The CIA’s belated release of its infamous “Family Jewels” sheds light on U.S. intelligence abuses during the CIA’s first quarter century, but this openness may actually obscure a darker reality – that the subsequent three-plus decades have witnessed worse national-security crimes committed under the cloak of greater secrecy and deception.
Washington’s current conventional wisdom is that the “bad ol’ days” of the 1950s and 1960s couldn’t recur because a formal system of congressional oversight was put in place after press reports first disclosed CIA abuses in the mid-1970s.
Today’s reality, however, is far less reassuring. The start of routine congressional oversight in 1977 only caused intelligence hardliners and their political allies to shift operations off-books while simultaneously building a right-wing media infrastructure to harass journalists, investigators and whistleblowers who still exposed wrongdoing.
The combination of these two factors – the semi-privatizing of covert operations and the emergence of right-wing media defenders – has made it harder, not easier, to uncover and expose intelligence crimes.
Plus, the culture of deception has only deepened in Washington over the past few decades. Looking back on the Family Jewels documents, it’s almost quaint that CIA officers would comply with an order from CIA Director James Schlesinger in 1973 to confess acts that may have violated the CIA’s charter.
Since then, the pattern – reaching from the CIA to the White House – has been to keep on stonewalling and lying, while right-wing media operatives lay down covering fire of angry talking points against any accusers. Many career-minded mainstream journalists then join in “debunking” the potential scandal until it fades away, often amid derision.
In this environment, it would take very tough investigators willing to absorb withering media attacks to pry loose a new generation of Family Jewels. Indeed, it’s next to impossible to envision the current batch of U.S. government officials or this era’s journalists showing the tenacity and courage to do that.
Questions to Ask
However, if CIA Director Michael Hayden wanted to go further than just accepting plaudits for releasing some ancient history, he would demand that CIA personnel answer questions about the following events from the 1970s and 1980s that collectively make the old Family Jewels look like child’s play:
--What is the full story about the CIA’s connection to a right-wing Latin American terror network known as Operation Condor, which carried out a series of international murders including a terrorist attack that killed Chilean dissident Orlando Letelier and American co-worker Ronni Moffitt on the streets of Washington in September 1976?

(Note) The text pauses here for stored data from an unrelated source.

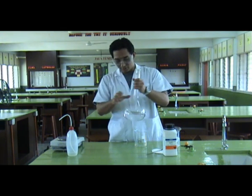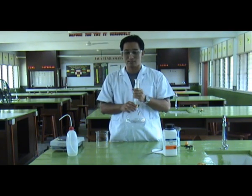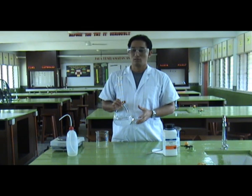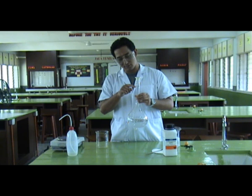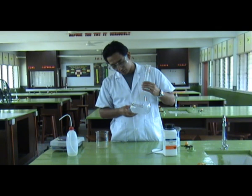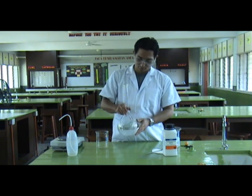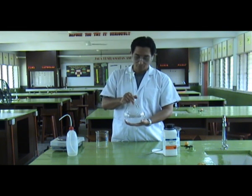For every solution that we prepare, we must use a volumetric flask. Because, for instance, if we want to make a volume of 2 litres, we measure to the line that shows the volume of the flask. You can still feel the heat from the reaction.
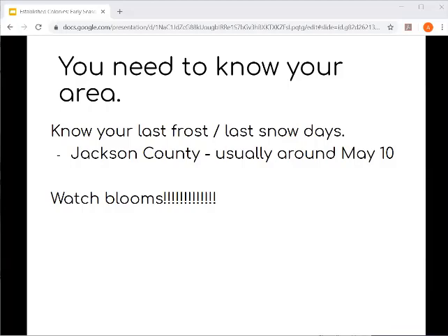You really need to know your area. Part of your responsibility as a beekeeper and farmer is to know your environment and recognize the signals when things are changing. In certain communities you can get a sense of when your last frost date will be — in Jackson County, for example, this might be around May 10th. But don't get hung up on exact dates. What we really want to be focused on is the blooms — what is flowering in the landscape. Being observant of what's going on in the landscape is a much more powerful tool than a date on a calendar.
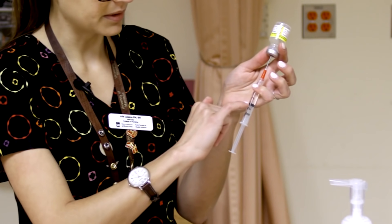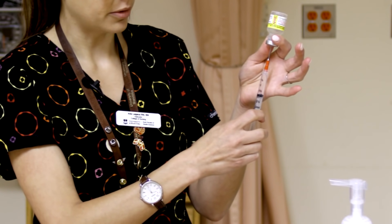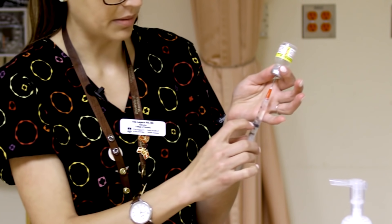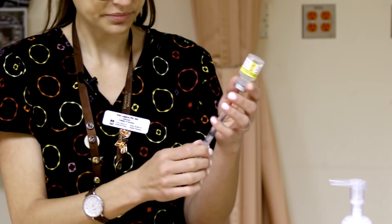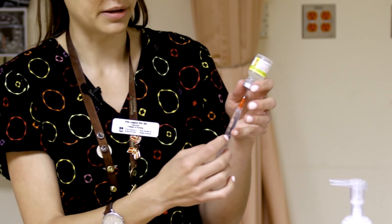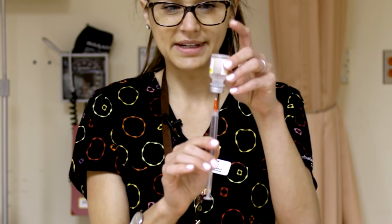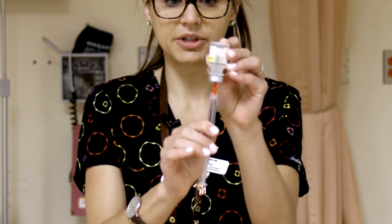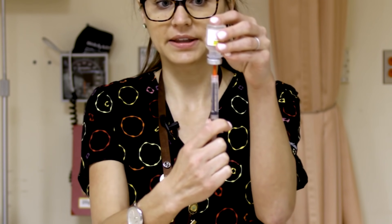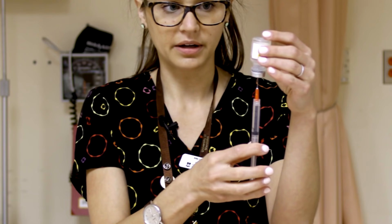Pull back and you'll see some air bubbles. The one at the top can easily be pushed back up into the vial and then pull back again. For the bubble at the bottom, take out a little bit of excess — use the back part of a pen and flick it hard with a wrist-flicking motion to get rid of those bubbles. You also need to make sure your blunt fill needle is submerged in the solution, because otherwise you'll just be drawing out air and getting more bubbles.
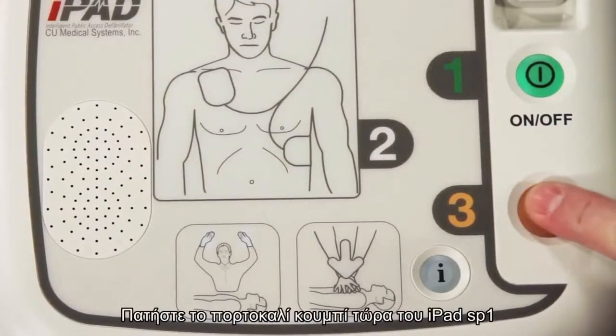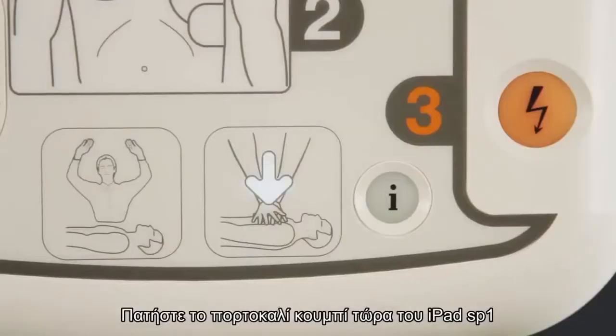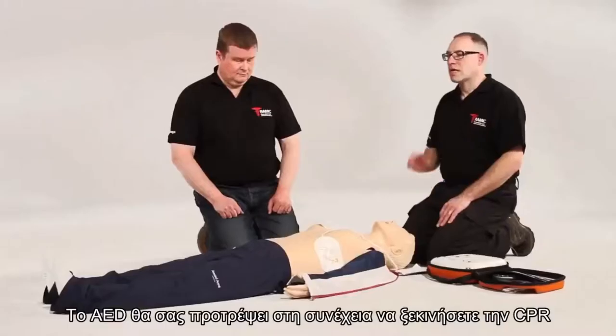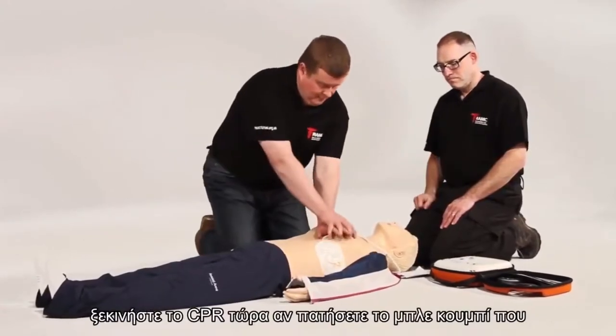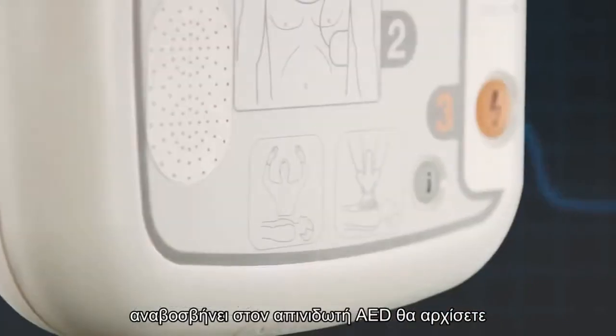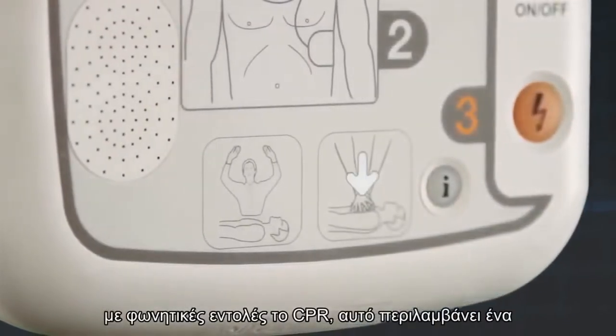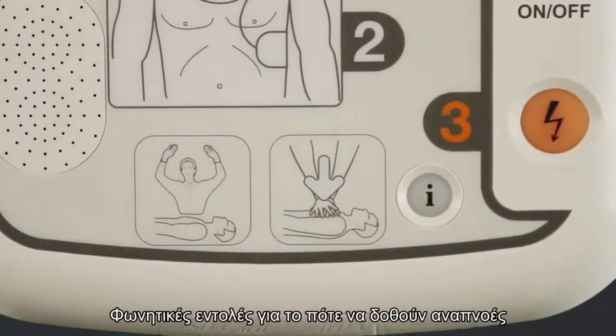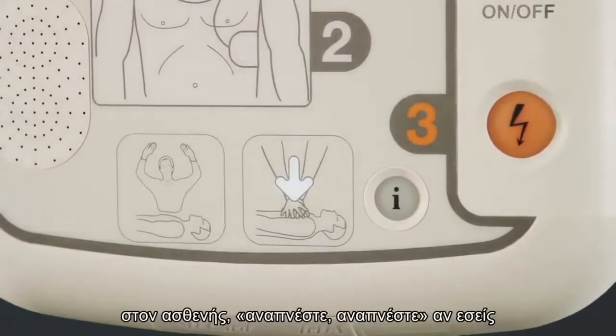Press the flashing orange button now. The iPad SP1 AED will then prompt you to commence CPR. Begin CPR now. If you press the flashing blue I button, the AED will commence with CPR voice prompts.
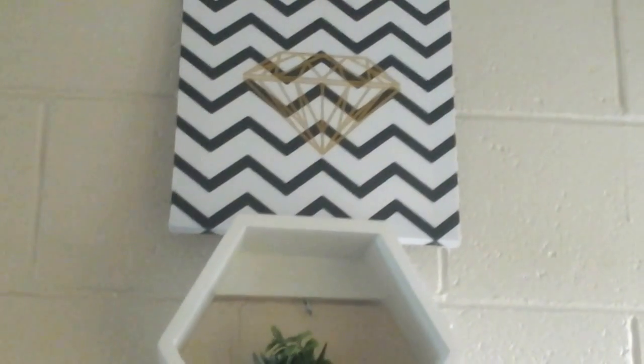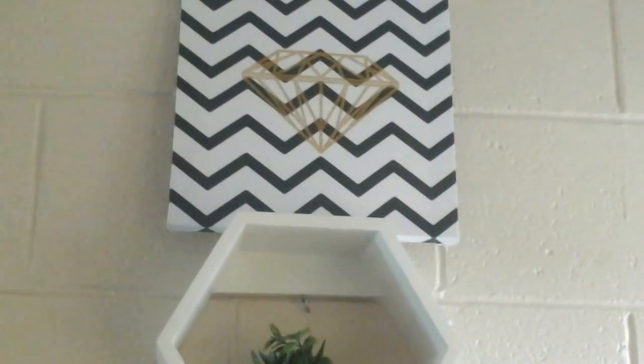This set of three mirrors was $5 for the set — that was reduced though — and I really like those. I have them in a quatrefoil pattern in my bedroom. Then that hexagonal shelf was $6, it came in teal as well. The little succulent in it was $2, and that picture up there was $5.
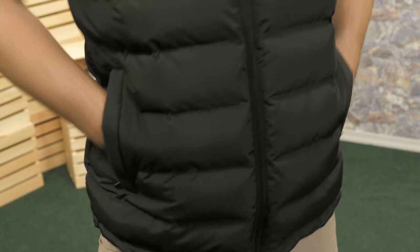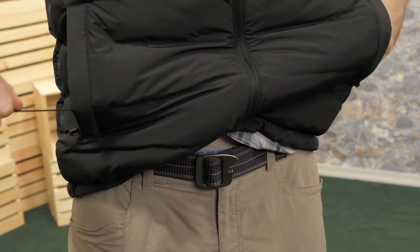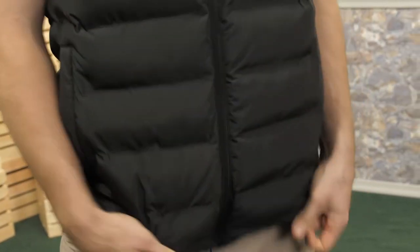There are two hand warmer pockets with zippers. The draw cord can seal your core heat in, and is useful for when you are layering with a shell jacket over your vest.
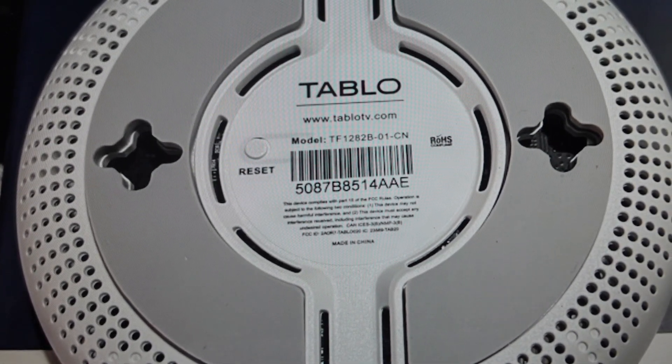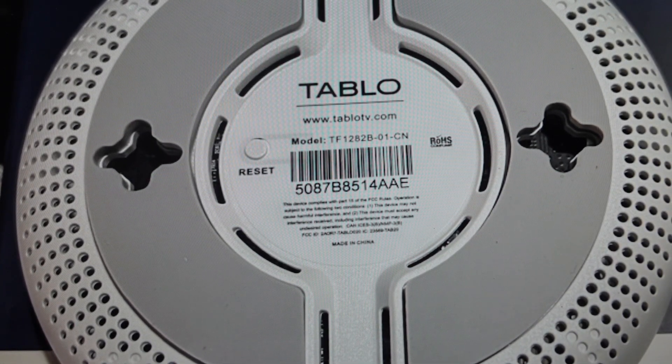Hey everybody, this is a quick video in case you have a Tableau DVR fourth generation and you need to do a soft reset or a force reboot on it.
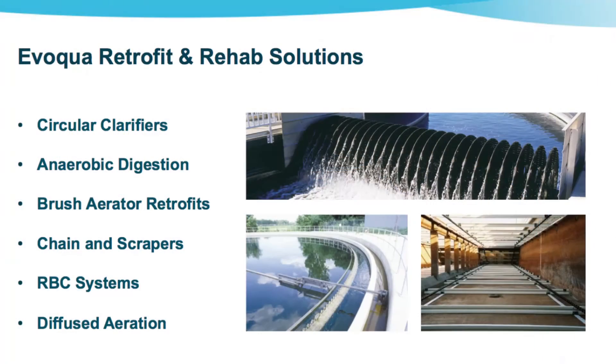So, can you tell us some of the latest retrofit and rehab solutions available from Evoqua? Sure. Evoqua has several types of rehab retrofitting equipment, including circular clarifiers, anaerobic digestion, brush aerator retrofits, chain and scraper solutions, and diffused aeration.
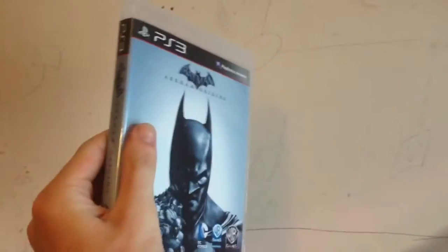Hello and welcome to this brand new video. This is a new video of me showing off a new game that I got, and it's Batman Arkham Origins.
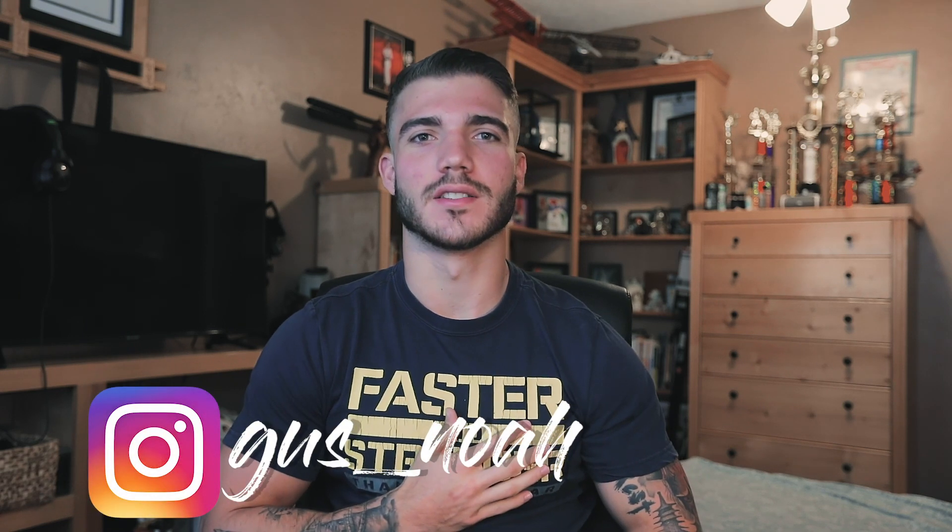Hey, what is going on everybody? Welcome back to the channel. I hope you are having a great day, and if you are new to the channel, welcome. My name is Gus Noah.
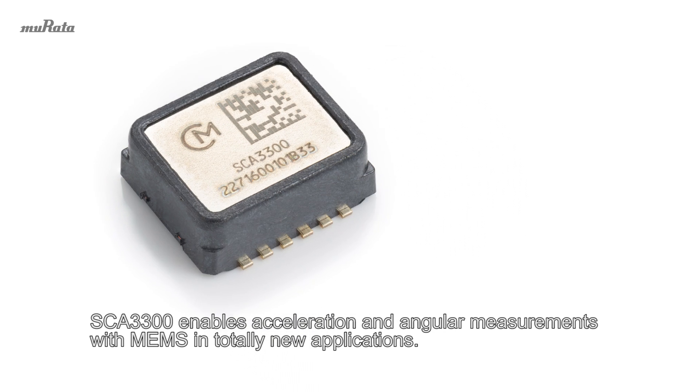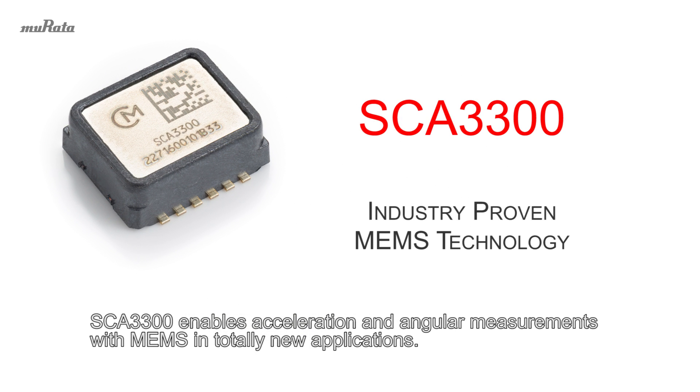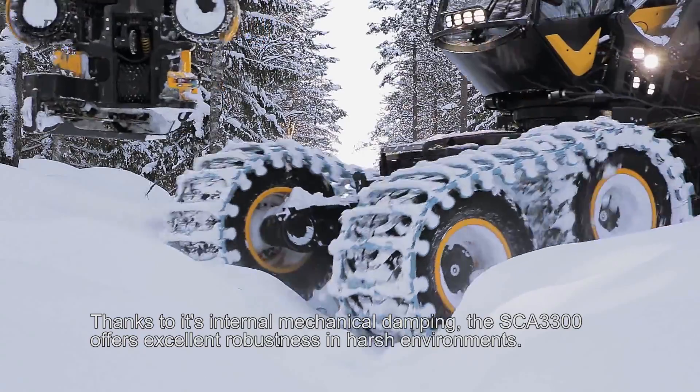The SCA3300 enables acceleration and angular measurements with MEMS in totally new applications. Thanks to its internal mechanical damping,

(The CIA, then run by George H.W. Bush, received warning messages from a U.S. ambassador about a plot by the Chilean government's assassins to use the CIA as a cover for infiltrating into the United States, but Bush has never fully explained why he didn’t do more to prevent the Letelier-Moffitt murders.)
--What did the CIA know about the terrorist bombing of a civilian Cubana Airliner in October 1976 which killed 73 people, including youngsters on the Cuban national fencing team? Why has the U.S. government protected and harbored two of the implicated terrorists, Orlando Bosch and Luis Posada, to this day?
(Though George H.W. Bush ran for national office four times since the Cubana attack, he has never been pressed to give a thorough answer about his knowledge of the terror wave that occurred under his watch at CIA. Neither has George W. Bush been challenged over his decision to spare Posada from extradition to stand trial.)
--In 1980, what was the role of three CIA officers – Robert Gates, Donald Gregg and George Cave – in backchannel contacts between the Reagan-Bush campaign and Iranian Islamic radicals then holding 52 Americans hostage, a crisis that effectively doomed Jimmy Carter’s reelection bid?
(Gates, Gregg and Cave have denied involvement in the “October Surprise” case, but their alibis have never been carefully vetted. Gregg also failed a lie-detector test when he was asked about his role in this secret 1980 operation during Iran-Contra questioning. Despite extensive evidence that Republicans did contact Iran behind Carter’s back, congressional investigations into the scandal were, at best, half-hearted.)
--What did the CIA do to protect drug traffickers connected to two major paramilitary operations in the 1980s, the contras in Nicaragua and the mujahedeen in Afghanistan?